A 2013 survey conducted in one academic medical center, for example, found that critical care clinicians believed that 11 percent of their patients received care that was futile; another 9 percent received care that was probably futile, it said.

Marik’s long-standing argument, which is notable in part for coming from an ICU doctor, is this: The nation has double or triple as many ICU beds per capita as other Western nations, it spends inordinate amounts of money in the last months of life, and worst of all, this kind of care isn’t what patients want.

One of the patients filling his ICU bed was a woman more than 90 years old, with blood pressure and severe kidney problems as well as severe dementia. She was being fed through a tube and had a urinary catheter.
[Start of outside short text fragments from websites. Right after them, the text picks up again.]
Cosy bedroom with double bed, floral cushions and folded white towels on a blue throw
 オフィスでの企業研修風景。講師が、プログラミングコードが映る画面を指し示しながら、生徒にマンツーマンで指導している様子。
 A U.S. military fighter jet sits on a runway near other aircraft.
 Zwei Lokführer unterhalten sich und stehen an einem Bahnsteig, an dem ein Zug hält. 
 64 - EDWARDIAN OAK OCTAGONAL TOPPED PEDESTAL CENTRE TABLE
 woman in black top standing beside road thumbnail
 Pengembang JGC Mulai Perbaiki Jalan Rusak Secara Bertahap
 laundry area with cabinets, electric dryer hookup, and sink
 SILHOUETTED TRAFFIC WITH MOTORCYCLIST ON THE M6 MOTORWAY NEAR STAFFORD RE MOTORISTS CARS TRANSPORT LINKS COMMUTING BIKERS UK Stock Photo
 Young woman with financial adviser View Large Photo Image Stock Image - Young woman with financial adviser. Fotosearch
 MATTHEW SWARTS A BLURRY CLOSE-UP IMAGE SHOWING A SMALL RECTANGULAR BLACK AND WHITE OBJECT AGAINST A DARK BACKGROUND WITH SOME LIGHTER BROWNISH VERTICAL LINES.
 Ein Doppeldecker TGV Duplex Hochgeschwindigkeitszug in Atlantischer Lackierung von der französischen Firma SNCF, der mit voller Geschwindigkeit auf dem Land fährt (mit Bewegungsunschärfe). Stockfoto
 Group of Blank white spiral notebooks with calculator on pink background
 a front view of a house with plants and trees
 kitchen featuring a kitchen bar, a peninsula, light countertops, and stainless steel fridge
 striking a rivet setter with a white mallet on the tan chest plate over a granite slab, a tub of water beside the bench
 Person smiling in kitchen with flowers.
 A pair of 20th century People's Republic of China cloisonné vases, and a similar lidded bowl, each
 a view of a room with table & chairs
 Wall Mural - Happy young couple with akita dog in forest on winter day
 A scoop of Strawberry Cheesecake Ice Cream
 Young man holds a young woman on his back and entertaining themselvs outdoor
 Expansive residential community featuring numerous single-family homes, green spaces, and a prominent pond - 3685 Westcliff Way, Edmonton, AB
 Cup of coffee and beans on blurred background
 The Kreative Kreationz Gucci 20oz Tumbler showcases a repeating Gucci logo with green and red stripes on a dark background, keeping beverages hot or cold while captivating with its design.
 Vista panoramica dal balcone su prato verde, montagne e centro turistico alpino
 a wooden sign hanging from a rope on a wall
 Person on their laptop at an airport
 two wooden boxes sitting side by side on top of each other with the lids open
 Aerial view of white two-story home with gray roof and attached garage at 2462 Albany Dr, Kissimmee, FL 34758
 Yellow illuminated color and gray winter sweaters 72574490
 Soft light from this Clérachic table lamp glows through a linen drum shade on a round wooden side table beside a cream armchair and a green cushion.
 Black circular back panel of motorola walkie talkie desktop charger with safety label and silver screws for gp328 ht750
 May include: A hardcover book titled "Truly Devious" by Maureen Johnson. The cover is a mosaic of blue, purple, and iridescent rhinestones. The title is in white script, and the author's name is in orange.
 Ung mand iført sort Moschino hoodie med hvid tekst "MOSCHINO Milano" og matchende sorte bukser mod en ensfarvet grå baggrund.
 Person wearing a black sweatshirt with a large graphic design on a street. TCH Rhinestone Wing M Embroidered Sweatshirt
Most imposingly, the woman was breathing via a ventilator, and to prevent her from removing the tube that had been inserted into her mouth and down her throat, restraints tied her hands to the sides of the bed. These aggressive interventions are a heavy burden for ICU medical staff to carry out, especially hard on nurses because of the amount of time they spend with each patient. “You honestly feel like you are just causing more harm or pain to the patient and you wonder if their family really understands what’s going on,” remarked Becky Devlin, Sentara Norfolk General’s supervisor in the ICU.

Why are family members, patients and most importantly medical professionals so hesitant to discuss hospice when it is so obvious that this care is what the patient really needs? Once again we return to the reasons listed above.

Thankfully, for Housecall Providers patients this heart wrenching, end-of-life ICU scenario is a rarity because our ‘continuity of care’ centers on honest communication from the beginning of the primary care relationship. Our nurse practitioners, physician assistants and doctors work to build trusting relationships with patients and family members/caregivers so that when hospice care is the appropriate intervention, it is likely not the first conversation on the topic.

“The hospice community is not only powerful enough to change the system, we are obligated to change it one patient and one death at a time,” remarked Housecall Providers Hospice Director, Rebecca Ashling, MSN, RN. “It starts with demystifying what comfort at home and at the bedside can be for our patients and their families. As the process unfolds, people begin to share with others their experiences with hospice and then those people feel empowered to have meaningful conversations with their loved ones. This is how we begin to change society’s expectation from curing at all costs to compassion and comfort for all,” she continued.

As a result, the transition to hospice care will not be “the bomb” that many families and patients describe, but rather a timely addition of services that assures the patient is being supported physically, emotionally, and spiritually as they enter the final phase of life. Nothing is being “taken away”, in fact, their Housecall Providers primary care provider remains a valued member of the treatment team, relaying pertinent information from months or years’ worth of caring for the patient. Subsequently, last year not one of our hospice patients had to endure the ICU in their final days, instead, living in the comfort, security and familiarity of their homes and feeling, we hope, completely supported.